Наша новая жизнь на чужбине была горькой и голодной, но то, что наступило через месяц господства немцев, ни в какое сравнение с голодом не идёт!
Так получилось, что облюбованный мамой дом (где мы теперь жили) был домом, где жили до войны семьи работников горкома партии и райисполкома. Дом стоял в небольшом скверике. Вот в этом сквере фашисты установили помост и виселицы. Казни проводились почти каждый день: женщин раздевали до сорочки, мужчин до подштанников. На шею вешался кусок фанеры, на котором чёрным был начертан один из четырёх вариантов вины: «коммунист», «юде», «партизан», «бандит». Немецкие холуи — полицаи из местных жителей (слово «полицай» слышать не могу до сих пор) — прикладами винтовок сгоняли прохожих, случайно оказавшихся вблизи места казни. Когда зрителей, по мнению палачей, было достаточное количество, выходил вперёд сидевший до этого на стуле офицер, что-то гортанно каркал, «речь» обычно заканчивал одним из четырёх слов, определяющих вину жертвы. Полицай вешал на шею жертве плакат с обозначением вины и накидывал петлю на шею. Офицер-немец делал энергичный взмах рукой, и полицай выбивал тумбу из-под ног обречённого. Минуту-две полицаи зубоскалили относительно поведения повешенного. Офицер с достоинством удалялся под защитой немцев-автоматчиков.
Казнённые висели обычно 2–3 недели, а то и месяц, по мере поступления новых жертв. Стояла зима, окоченевшие трупы раскачивало ветром, виселица скрипела.
Почему я всё так детально запомнила? К нашему ужасу, окно нашей комнатки выходило на помост с виселицами. Завесить окно было нечем, уйти от этого ужаса — некуда. И так как с наступлением вечера в комнате становилось темно, раскачиваемая ветром тень казнённого перемещалась по стенке нашей комнатки. Мы засыпали под скрип виселицы и движение тени казнённого на стенке. Мама пыталась отвлечь нас от жуткой действительности: с наступлением темноты она беспрерывно рассказывала нам «Хижину дяди Тома», «Приключения Тома Сойера», «Отверженных»…
И всё-таки мы бы в эту зиму не выжили, если бы не добрые люди! Где-то в январе 1942 года в здании горкома партии (в его уцелевшей части) разместилась чехословацкая сапёрная часть. При ней была кухня.
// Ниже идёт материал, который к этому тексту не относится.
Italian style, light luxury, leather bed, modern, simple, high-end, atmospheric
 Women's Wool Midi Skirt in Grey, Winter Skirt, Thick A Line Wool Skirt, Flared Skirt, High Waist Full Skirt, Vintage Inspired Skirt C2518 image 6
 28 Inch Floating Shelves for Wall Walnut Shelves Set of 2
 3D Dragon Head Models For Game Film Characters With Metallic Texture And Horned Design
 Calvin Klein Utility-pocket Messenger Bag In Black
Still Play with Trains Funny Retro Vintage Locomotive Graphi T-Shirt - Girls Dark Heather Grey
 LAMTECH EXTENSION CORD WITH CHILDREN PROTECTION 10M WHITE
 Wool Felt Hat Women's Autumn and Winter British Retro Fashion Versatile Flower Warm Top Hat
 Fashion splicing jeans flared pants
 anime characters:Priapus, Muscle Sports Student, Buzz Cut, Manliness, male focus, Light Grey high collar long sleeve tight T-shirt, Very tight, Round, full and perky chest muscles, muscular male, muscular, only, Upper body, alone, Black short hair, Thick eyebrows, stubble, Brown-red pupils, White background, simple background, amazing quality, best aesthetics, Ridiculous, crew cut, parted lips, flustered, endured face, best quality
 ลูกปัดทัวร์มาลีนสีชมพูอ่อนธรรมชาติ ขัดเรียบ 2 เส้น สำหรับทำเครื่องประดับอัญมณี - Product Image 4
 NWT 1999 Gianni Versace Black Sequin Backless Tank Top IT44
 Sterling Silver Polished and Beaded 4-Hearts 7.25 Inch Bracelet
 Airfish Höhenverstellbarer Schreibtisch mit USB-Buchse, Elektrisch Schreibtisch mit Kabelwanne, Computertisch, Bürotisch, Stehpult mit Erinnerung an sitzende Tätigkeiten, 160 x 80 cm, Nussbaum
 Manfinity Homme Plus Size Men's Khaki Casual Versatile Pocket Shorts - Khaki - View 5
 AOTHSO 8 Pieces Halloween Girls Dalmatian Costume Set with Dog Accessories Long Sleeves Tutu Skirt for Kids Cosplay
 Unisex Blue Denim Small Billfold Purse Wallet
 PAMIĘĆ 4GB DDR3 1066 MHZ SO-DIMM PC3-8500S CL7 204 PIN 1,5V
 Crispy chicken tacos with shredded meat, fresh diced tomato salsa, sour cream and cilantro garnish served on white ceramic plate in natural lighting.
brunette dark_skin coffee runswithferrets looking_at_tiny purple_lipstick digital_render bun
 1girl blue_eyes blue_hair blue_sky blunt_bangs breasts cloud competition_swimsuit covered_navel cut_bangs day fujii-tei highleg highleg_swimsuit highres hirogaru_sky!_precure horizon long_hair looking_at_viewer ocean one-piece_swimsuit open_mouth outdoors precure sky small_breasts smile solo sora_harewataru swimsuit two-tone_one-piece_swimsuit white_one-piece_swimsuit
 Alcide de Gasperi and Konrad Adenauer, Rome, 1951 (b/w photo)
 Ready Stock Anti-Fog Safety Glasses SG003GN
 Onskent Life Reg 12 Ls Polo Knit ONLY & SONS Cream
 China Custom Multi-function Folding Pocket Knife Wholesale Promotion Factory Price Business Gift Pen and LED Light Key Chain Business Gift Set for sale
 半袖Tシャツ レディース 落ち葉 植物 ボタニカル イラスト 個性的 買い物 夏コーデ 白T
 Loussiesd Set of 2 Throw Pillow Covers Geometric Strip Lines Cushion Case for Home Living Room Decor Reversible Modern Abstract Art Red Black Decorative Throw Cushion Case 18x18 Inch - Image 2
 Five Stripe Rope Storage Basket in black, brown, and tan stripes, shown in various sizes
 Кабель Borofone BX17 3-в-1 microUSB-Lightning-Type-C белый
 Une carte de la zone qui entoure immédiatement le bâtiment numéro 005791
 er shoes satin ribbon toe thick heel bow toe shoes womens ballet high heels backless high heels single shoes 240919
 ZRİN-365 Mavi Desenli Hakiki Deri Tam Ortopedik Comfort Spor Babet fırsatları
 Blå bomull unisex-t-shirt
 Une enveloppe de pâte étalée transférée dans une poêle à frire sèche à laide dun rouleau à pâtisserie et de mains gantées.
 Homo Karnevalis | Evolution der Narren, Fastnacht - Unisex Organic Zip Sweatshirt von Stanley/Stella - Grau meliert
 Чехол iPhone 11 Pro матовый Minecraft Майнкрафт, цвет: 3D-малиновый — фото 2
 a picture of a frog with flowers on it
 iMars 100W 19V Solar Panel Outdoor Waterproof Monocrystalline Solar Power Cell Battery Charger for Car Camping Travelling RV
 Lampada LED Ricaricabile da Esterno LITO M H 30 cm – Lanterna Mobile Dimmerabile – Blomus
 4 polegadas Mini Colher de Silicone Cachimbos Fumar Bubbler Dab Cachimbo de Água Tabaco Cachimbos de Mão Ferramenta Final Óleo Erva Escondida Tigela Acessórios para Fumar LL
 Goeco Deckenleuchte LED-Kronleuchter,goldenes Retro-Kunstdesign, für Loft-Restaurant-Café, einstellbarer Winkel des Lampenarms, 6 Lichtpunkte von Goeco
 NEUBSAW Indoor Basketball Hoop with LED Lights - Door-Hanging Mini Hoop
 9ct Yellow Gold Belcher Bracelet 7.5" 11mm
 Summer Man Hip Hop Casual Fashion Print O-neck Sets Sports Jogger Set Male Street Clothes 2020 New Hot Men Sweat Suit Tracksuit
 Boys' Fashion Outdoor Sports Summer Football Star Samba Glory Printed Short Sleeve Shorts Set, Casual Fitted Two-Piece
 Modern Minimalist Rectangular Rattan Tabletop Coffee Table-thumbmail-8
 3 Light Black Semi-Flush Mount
Это здание тоже находилось в сквере, как и наш дом.
Чешский язык, если к русскому и украинскому добавить жестикуляцию, вполне понятен русскому человеку. Повар кухни заприметил молодую, в отрепьях, женщину (маме было 38 лет) с выводком почти раздетых детей и заинтересовался нами. После объяснений мамы он проникся состраданием к нам: велел маме каждое утро присылать Галю или Инну на кухню за «кавой», то есть чёрным кофе, вернее, его суррогатом. У немцев настоящего не было ничего, хоть они и не пили воду: на ремне у каждого солдата была фляжка, которую он после завтрака наполнял «кавой». И пил только её, эту мерзкую «каву». Мыло у немецких солдат тоже было какое-то суррогатное, оно не мылилось и не пенилось, было похоже на смесь глины с чем-то ещё.